Parsing provides more advanced use cases of DPL/VRL.

Parsing example

Log event example

The below snippet is an HTTP log event in JSON format:

"{\"status\":200,\"timestamp\":\"2021-03-01T19:19:24.646170Z\",\"message\":\"SUCCESS\",\"username\":\"ub40fan4life\"}"

Configuration example

The following YAML configuration example uses DPL/VRL to modify the log event by:

Parsing the raw string into JSON.
Reformatting the time into a UNIX timestamp.
Removing the username field.
Converting the message to lowercase.

transforms:
  parse_syslog_id:
    type: remap
    inputs:
      - previous_component_id
    source: |2
         . = parse_json!(string!(.message))
         .timestamp = to_unix_timestamp(to_timestamp!(.timestamp))
         del(.username)
         .message = downcase(string!(.message))

Configuration output

The configuration returns the following:

{
  "message": "success",
  "status": 200,
  "timestamp": 1614626364
}

Sample, reduce, filter, and aggregate data

Sampling, reducing, filtering, and aggregating are common transforms to reduce the volume of observability data delivered to downstream services. Observability Pipelines offers a variety of ways to control your data volume:

Sample events based on supplied criteria and at a configurable rate.
Reduce and collapse multiple events into a single event.
Remove unnecessary fields.
Deduplicate events.
Filter events based on a set of conditions.
Aggregate multiple metric events into a single metric event based on a defined interval window.

See Control Log Volume and Size for examples on how to use these transforms.

Route data

Another commonly used transform is route, which allows you to split a stream of events into multiple substreams based on supplied conditions. This is useful when you need to send observability data to different destinations or operate differently on streams of data based on their use case.

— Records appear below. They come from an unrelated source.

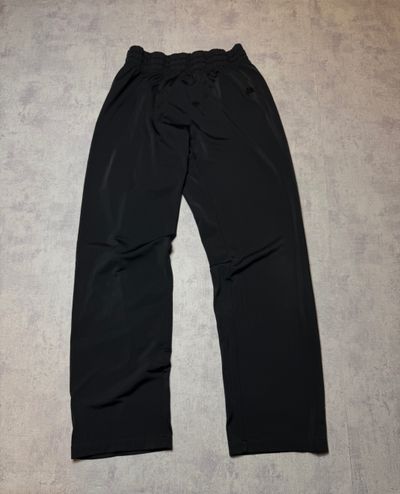 Vintage Nike Black Pants Baggy Oversize Swoosh Usa Classic Sale 90s rap hiphop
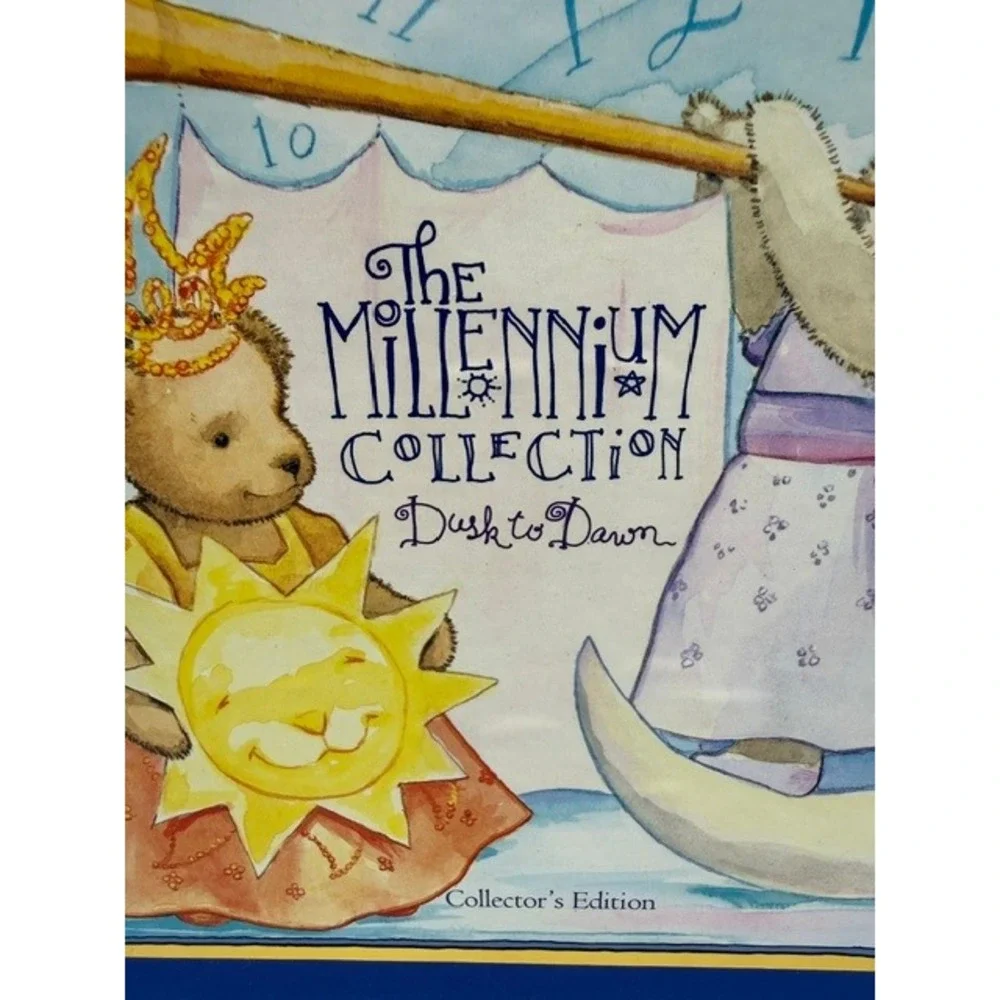 Muffy VanderBear Hoppy VanderHare Millennium Collection Dusk to Dawn Set 2000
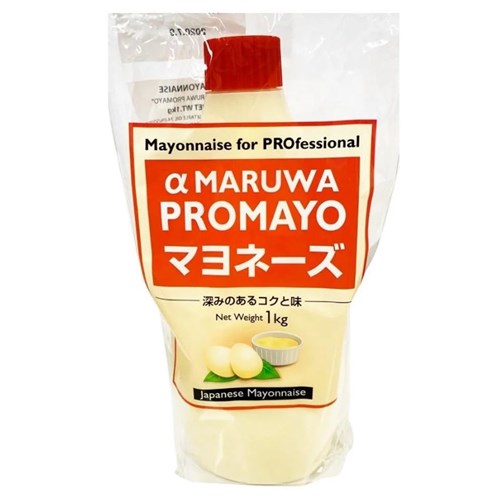 Mayonnaise Japanese (Kewpie) 1kg Gluten Free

Routing to different destinations example

Log example

The below snippet is an example log that you want to route to different destinations based on the value of the level field.

{
  "logs": {
    "kind": "absolute",
    "level": "info,
    "name": "memory_available_bytes",
    "namespace": "host",
    "tags": {}
  }
}

Configuration examples

The following YAML configuration example routes data based on the level value:

transforms:
  splitting_logs_id:
    type: route
    inputs:
      - my-source-or-transform-id
    route:
      debug: .level == "debug"
      info: .level == "info"
      warn: .level == "warn"
      error: .level == "error"

Each row under the route field defines a route identifier, followed by a logical condition representing the filter of the route. The end result of this route can then be referenced as an input by other components with the name <transform_name>.<route_id>.

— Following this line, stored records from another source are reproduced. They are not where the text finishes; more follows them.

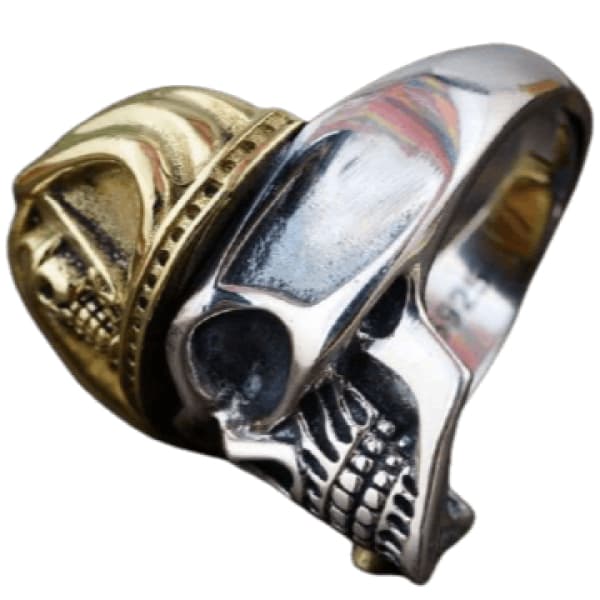 Silver Army Ring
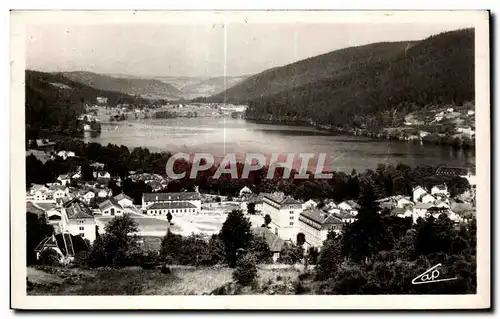 Gerardmer Vue generale et le Lac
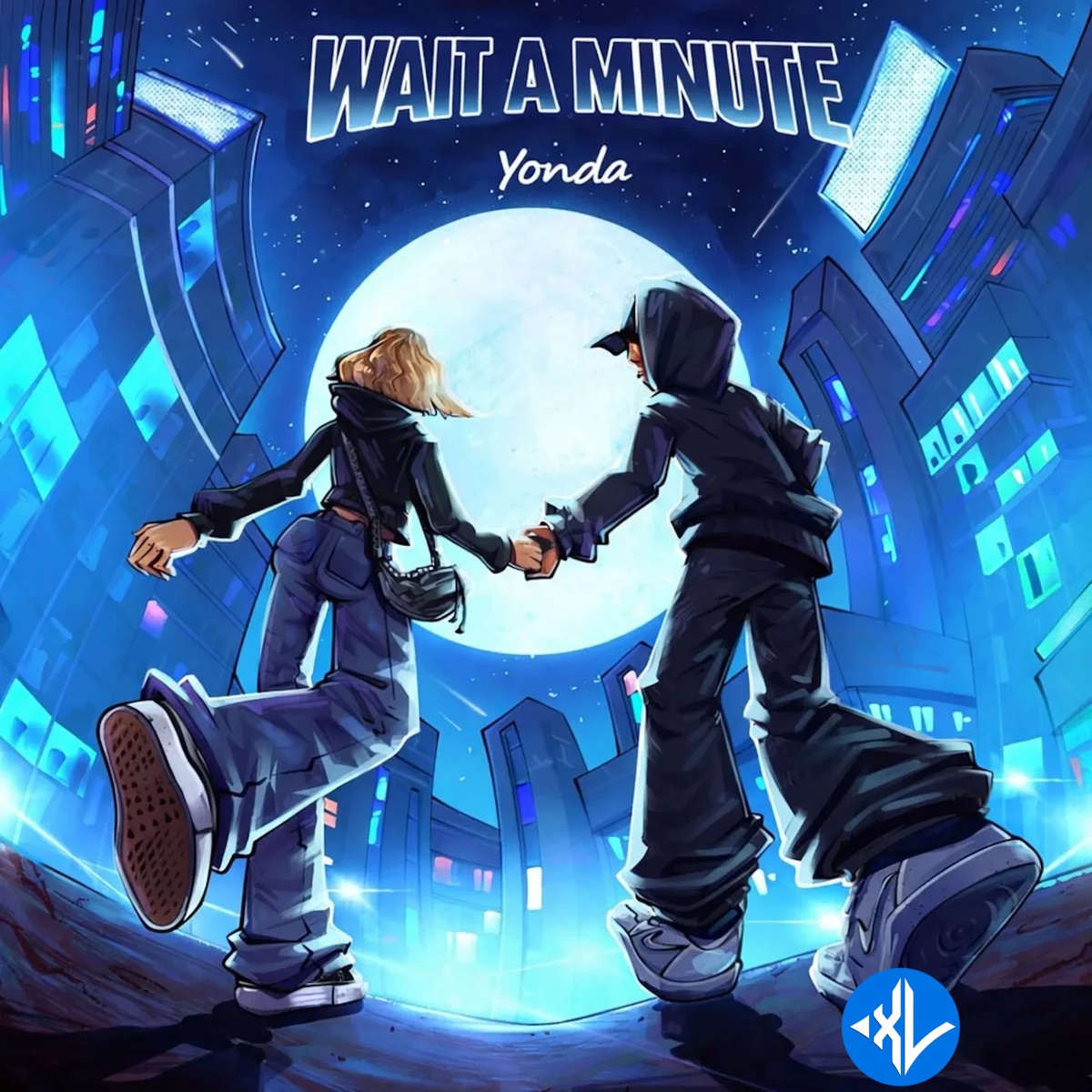 Yonda – Wait a Minute Cover Art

For example, if you wish to route logs with level field values of warn and error to Datadog, see the following example:

sinks:
  my_sink_id:
    type: datadog_logs
    inputs:
      - splitting_logs_id.warn
      - splitting_logs_id.error
    default_api_key: '${DATADOG_API_KEY_ENV_VAR}'
    compression: gzip

See the route transform reference for more information.

Throttle data

Downstream services can sometimes get overwhelmed when there is a spike in volume, which can lead to data being dropped. Use the throttle transform to safeguard against this scenario and also enforce usage quotas on users. The throttle transform rate limits logs passing through a topology.

Throttle configuration example

The following YAML configuration example is for a throttle transform:

transforms:
  my_transform_id:
    type: throttle
    inputs:
      - my-source-or-transform-id
    exclude: null
    threshold: 100
    window_secs: 1

The threshold field defines the number of events allowed for a given bucket. window_secs defines the time frame in which the configured threshold is applied. In the example configuration, when the component receives more than 100 events in a span of 1 second, any additional events are dropped.